Li Ning-Li, Nie Hong, Yu Qi-Wen, Zhang Ji-Ying, Ma An-Lun, Shen Bai-Hua, Wang Li, Bai Jun, Chen Xue-Hua, Zhou Tong, Zhang Dong-Qing
Department of Immunology, Shanghai Second Medical University, Shanghai Institute of Immunology, Shanghai 200025, China.
World J Gastroenterol. 2004 Nov 1;10(21):3151-6. doi: 10.3748/wjg.v10.i21.3151.
To investigate the role of soluble Fas ligand in autoimmune diseases.
RT-PCR was performed to amplify sFasL cDNA from the total RNA extracted from activated human peripheral blood lymphocytes. DNA fragments were cloned into PCR vector. After sequenced, sFasL gene fragments were inserted into pQE-31 vector and expressed in E. Coli M15 respectively. Proteins were purified through affinity chromatography column with ligand of 6XHis tag and identified by SDS-PAGE and Western blot. Mice were immunized with sFasL protein and specific anti-serum was harvested 6 wk after immunization. Monoclonal anti-human FasL antibody was made from the immunized mice. Serum level of sFasL in different patients was detected using anti-FasL antibodies from the immunized mice.

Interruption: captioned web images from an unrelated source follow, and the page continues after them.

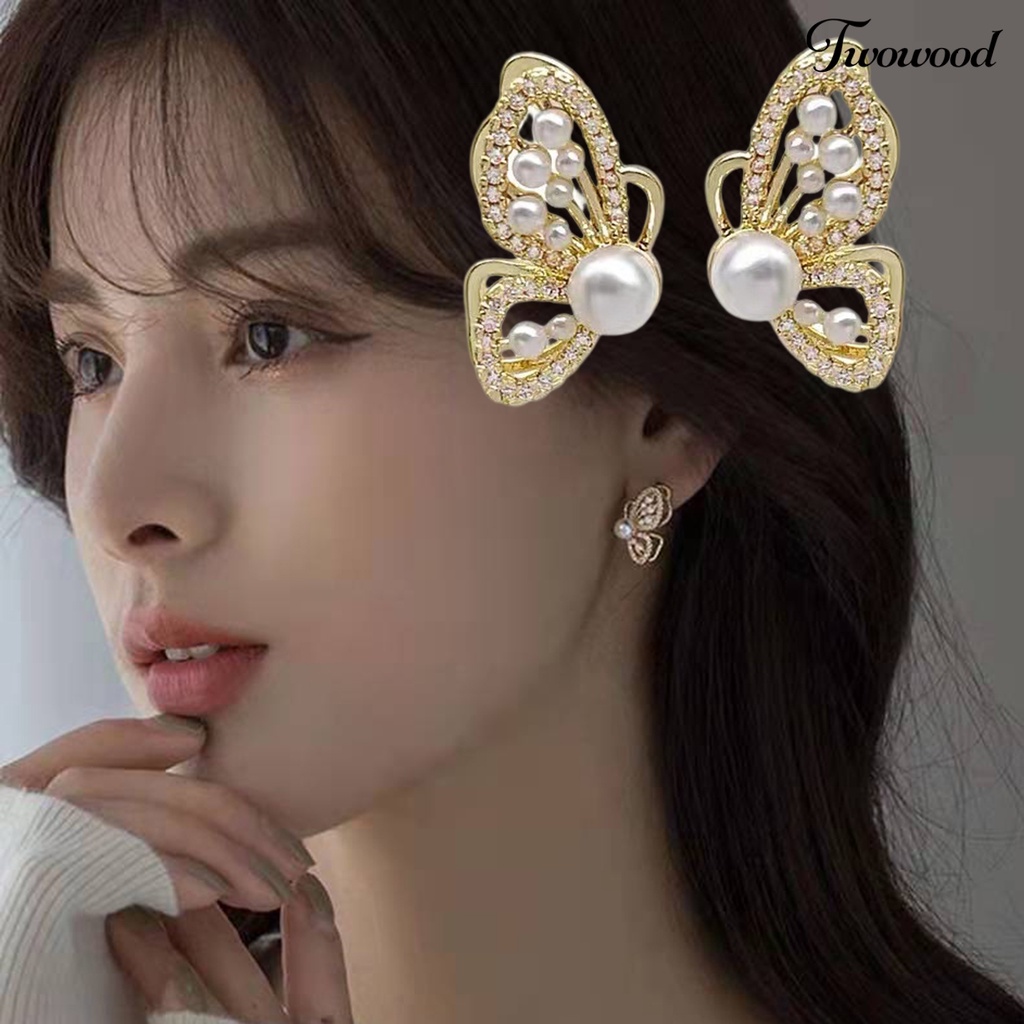 1 Pasang Anting Stud Bentuk Kupu-Kupu Aksen Mutiara Berlian Imitasi Gaya Korea Untuk Wanita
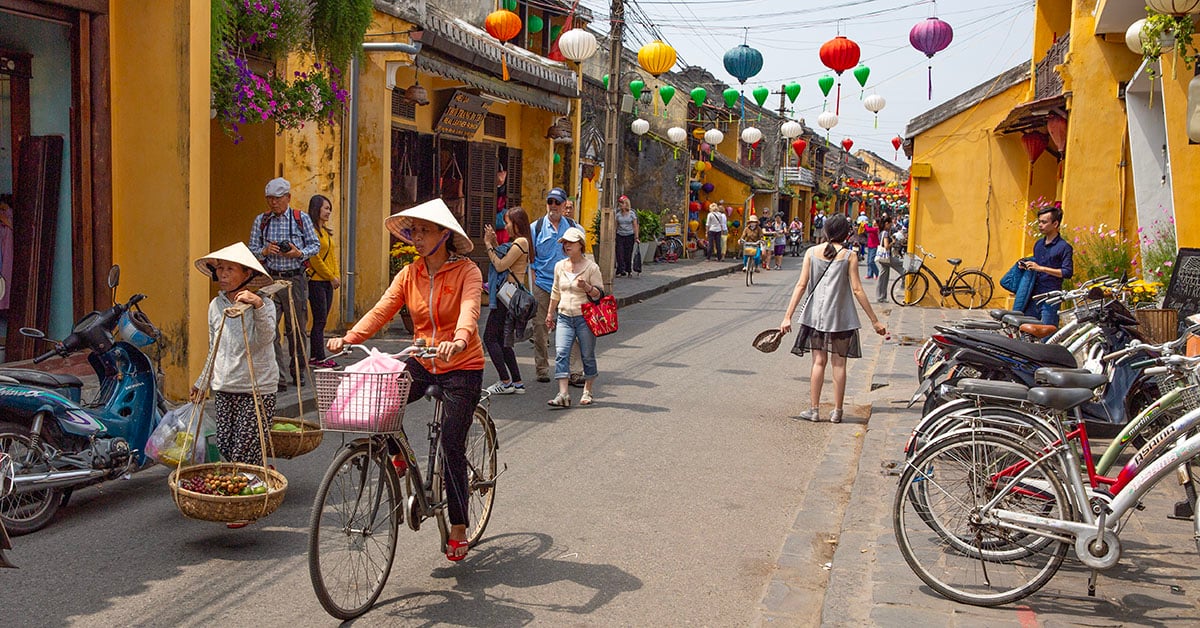 Dagelijks leven in Vietnam met fietsers en straatbeeld in een historische stad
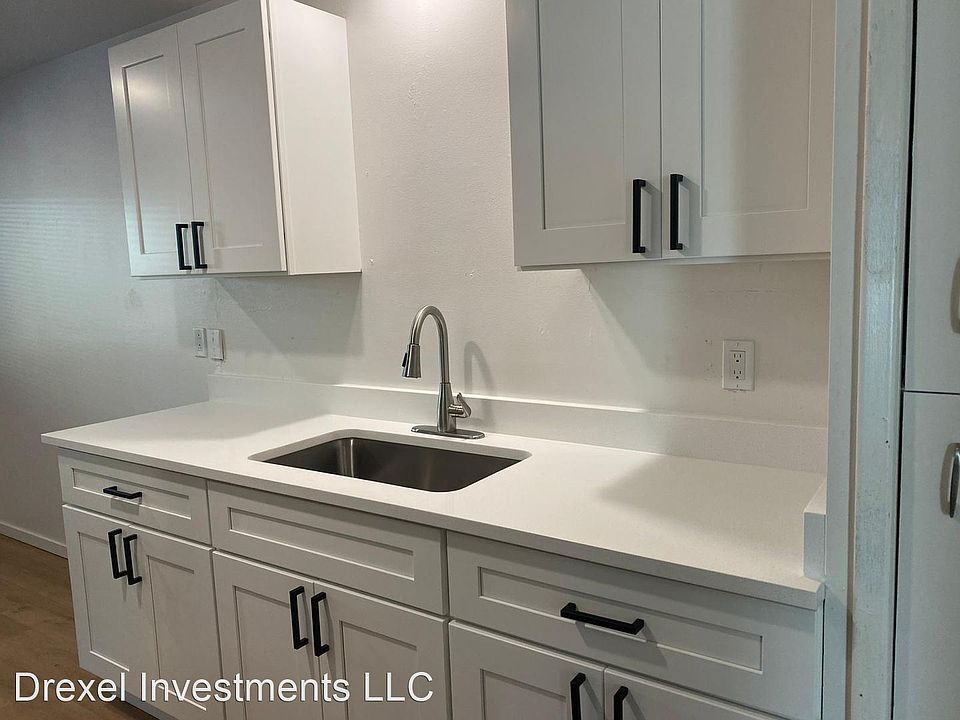 1st image of 11412 20th Ave S APT 3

The protein expressed was 24 ku by SDS-PAGE electrophrosis. The protein was specially bound to anti-human FasL antibody by Western blot analysis. The sFasL protein could induce Jurket cell apoptosis in vitro. The concentration of serum sFasL in patients with autoimmune diseases was higher than that in normal individuals. sFasL could reduce arthritis in collagen induced arthritis (CIA) mice model by subcutaneous injection.

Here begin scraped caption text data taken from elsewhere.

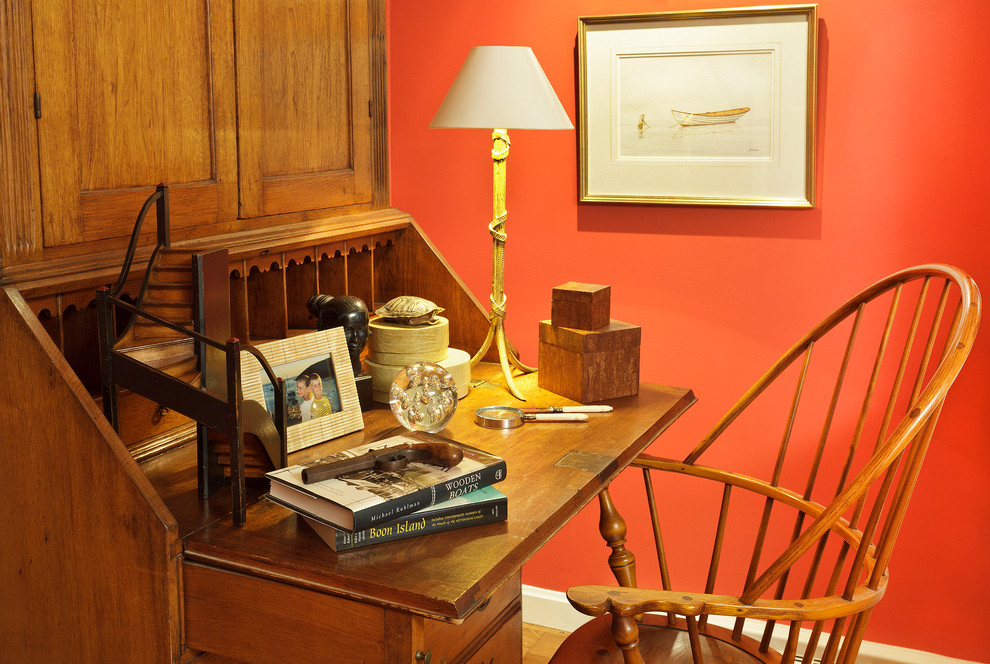 Idéer för små vintage hemmabibliotek, med röda väggar och ett fristående skrivbord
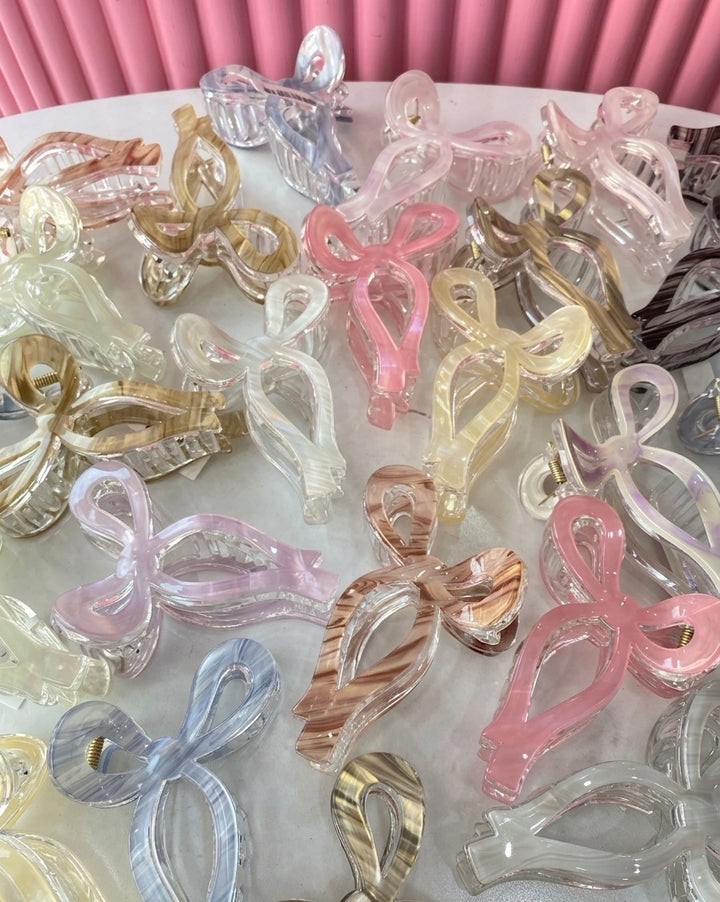 Texture bow shaped claw clip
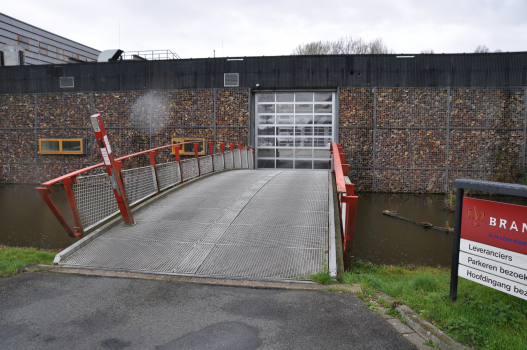 Pont d'accès à la caserne des pompiers d'Amstelveen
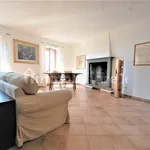 Rent 2 bedroom apartment of 80 m² in Bergamo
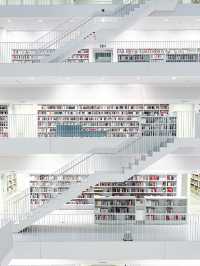 Literary Escape at Stuttgart Library 📚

sFasL may be involved in either induction of apoptosis or autoimmune diseases. Furthermore, sFasL may have potential application in treatment of autoimmune diseases.
探讨可溶性Fas配体在自身免疫性疾病中的作用。
采用逆转录-聚合酶链反应(RT-PCR)从活化的人外周血淋巴细胞提取的总RNA中扩增可溶性Fas配体(sFasL)cDNA。将DNA片段克隆到PCR载体中。测序后,将sFasL基因片段分别插入pQE-31载体并在大肠杆菌M15中表达。通过6XHis标签配体亲和层析柱纯化蛋白,并用十二烷基硫酸钠-聚丙烯酰胺凝胶电泳(SDS-PAGE)和蛋白质印迹法进行鉴定。用sFasL蛋白免疫小鼠,免疫6周后收集特异性抗血清。从免疫小鼠制备单克隆抗人FasL抗体。用免疫小鼠产生的抗FasL抗体检测不同患者血清中sFasL水平。
SDS-PAGE电泳显示表达的蛋白分子量为24 ku。蛋白质印迹分析表明该蛋白能与抗人FasL抗体特异性结合。sFasL蛋白在体外可诱导Jurket细胞凋亡。自身免疫性疾病患者血清sFasL浓度高于正常个体。皮下注射sFasL可减轻胶原诱导性关节炎(CIA)小鼠模型的关节炎症状。
sFasL可能参与细胞凋亡的诱导或自身免疫性疾病的发生。此外,sFasL在自身免疫性疾病治疗中可能具有潜在应用价值。